[Task data Boundary: Start]

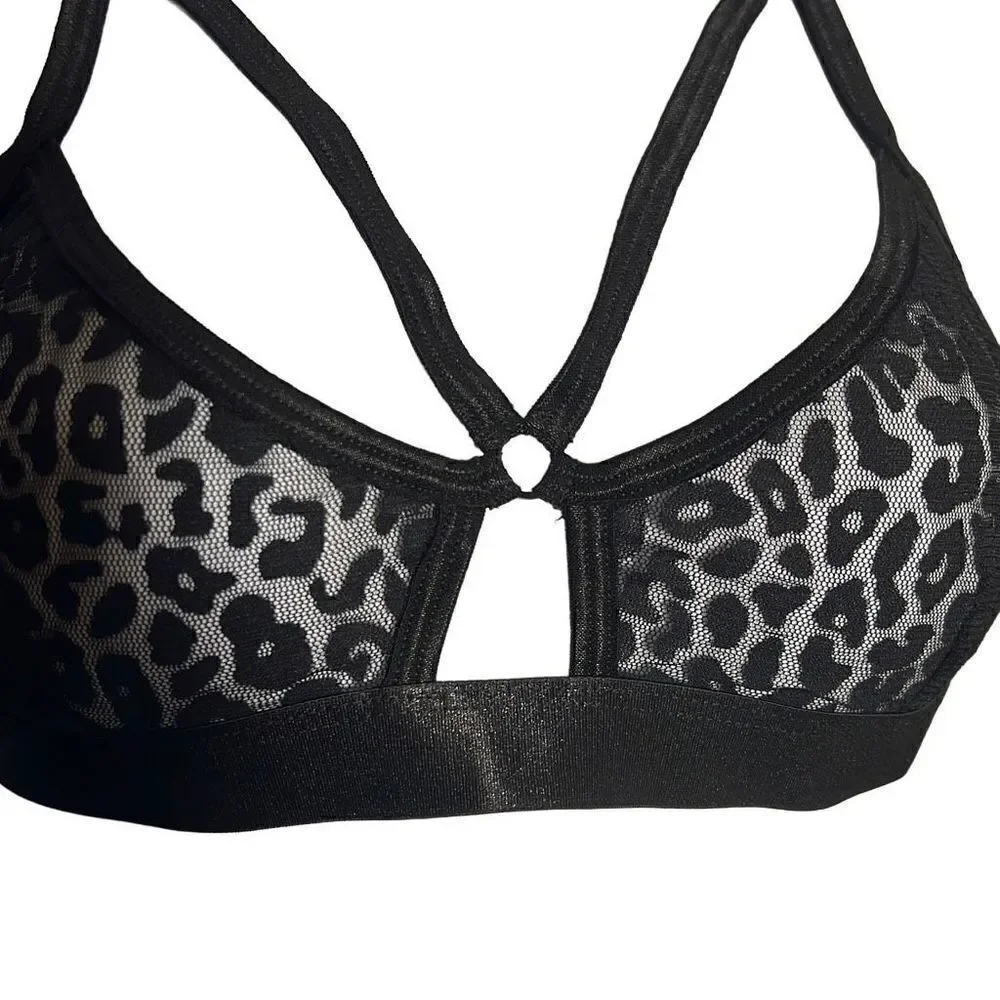 I Heart Women's Laced Floral Black Bra Size S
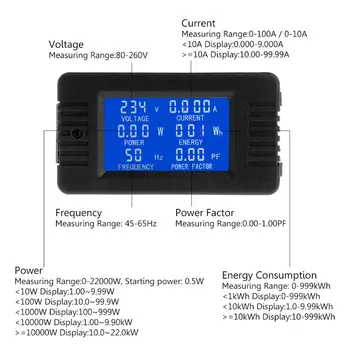 6in1 Aiškiai Energijos Skaitymo Digital AC 80~260V Elektros Energijos Monitorius Įtampa Srovės KWh Vatmetrą 100A
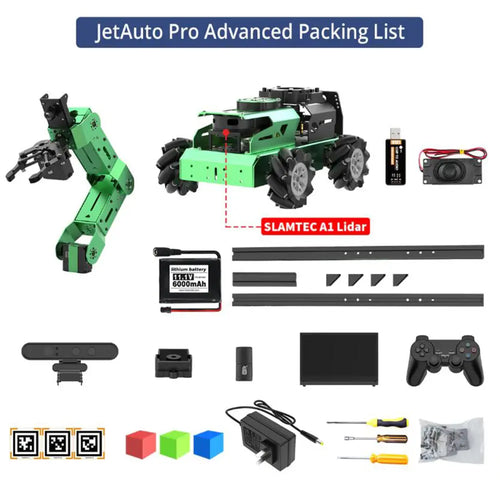 JetAuto Pro ROS Robot Car with Vision Robotic Arm Powered by Jetson Nano Support SLAM Mapping/Navigation/Python (Advanced Kit with Jetson Nano 4GB)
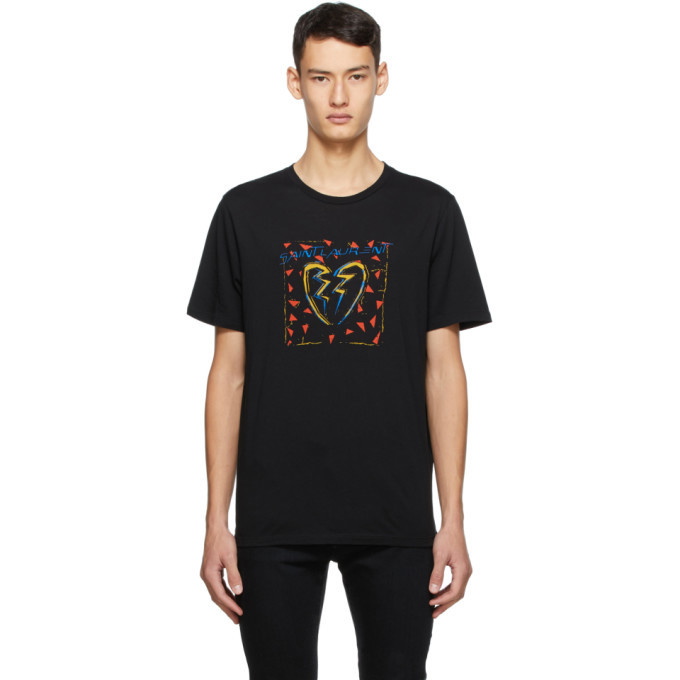 Photo: Saint Laurent Black Jacquard Broken Heart T-Shirt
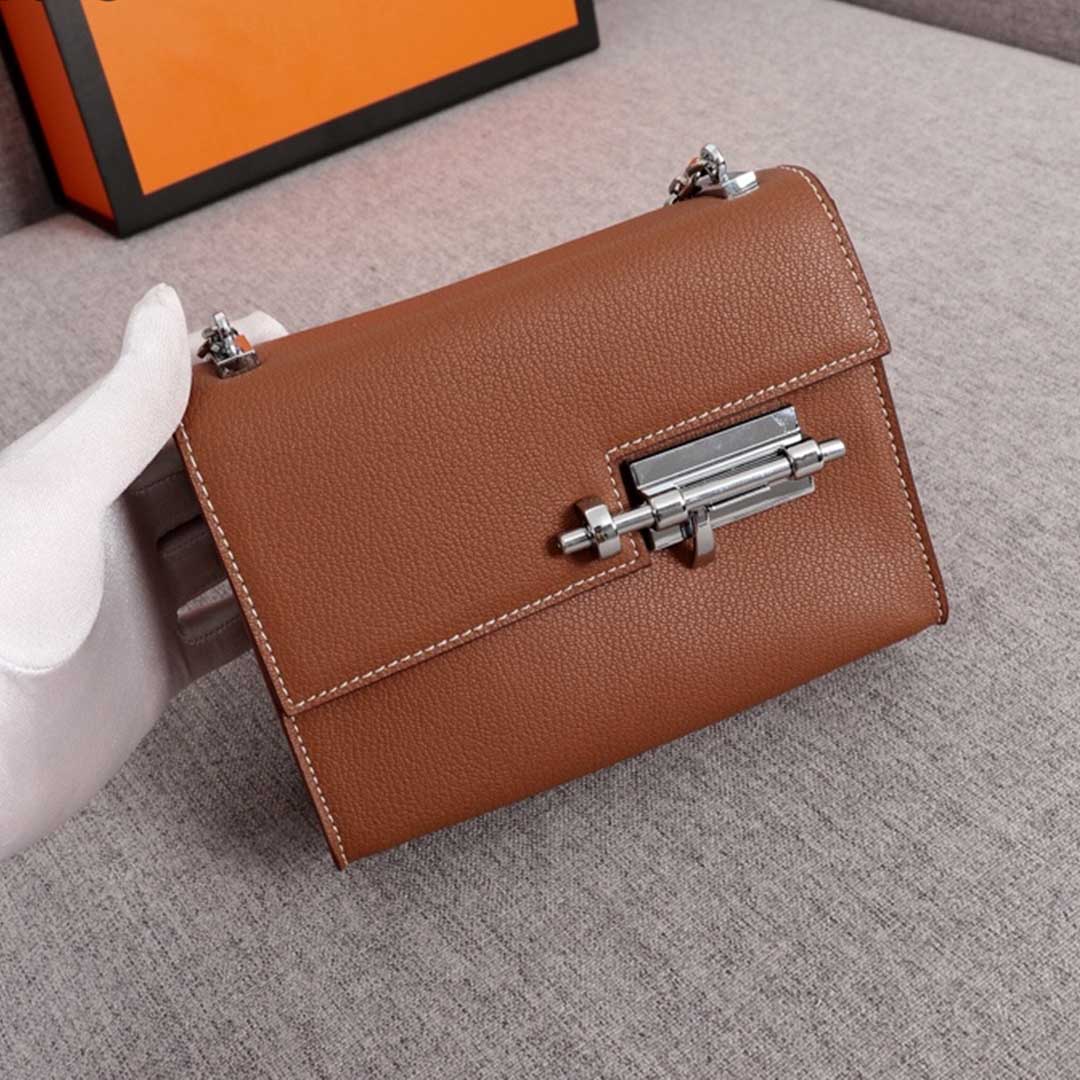 Replica Hermes Verrou Chaine Mini Bag Beige/Black/Brown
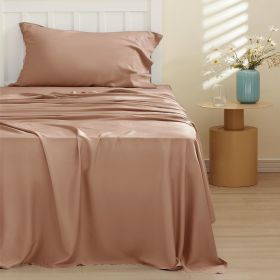 Bedsure cooling sheet set, Rayon Derived from Bamboo, Deep Pocket Up to 16", Breathable & Soft, Hotel Luxury Silky Bedding Sheet (Color: Taupe, size: California King)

[Task data Boundary: End]

#### Brief
Restate the whole listing above exactly, except for its images.

#### Response to this exercise
 I Heart Women's Laced Floral Black Bra Size S
 6in1 Aiškiai Energijos Skaitymo Digital AC 80~260V Elektros Energijos Monitorius Įtampa Srovės KWh Vatmetrą 100A
 JetAuto Pro ROS Robot Car with Vision Robotic Arm Powered by Jetson Nano Support SLAM Mapping/Navigation/Python (Advanced Kit with Jetson Nano 4GB)
 Photo: Saint Laurent Black Jacquard Broken Heart T-Shirt
 Replica Hermes Verrou Chaine Mini Bag Beige/Black/Brown
 Bedsure cooling sheet set, Rayon Derived from Bamboo, Deep Pocket Up to 16", Breathable & Soft, Hotel Luxury Silky Bedding Sheet (Color: Taupe, size: California King)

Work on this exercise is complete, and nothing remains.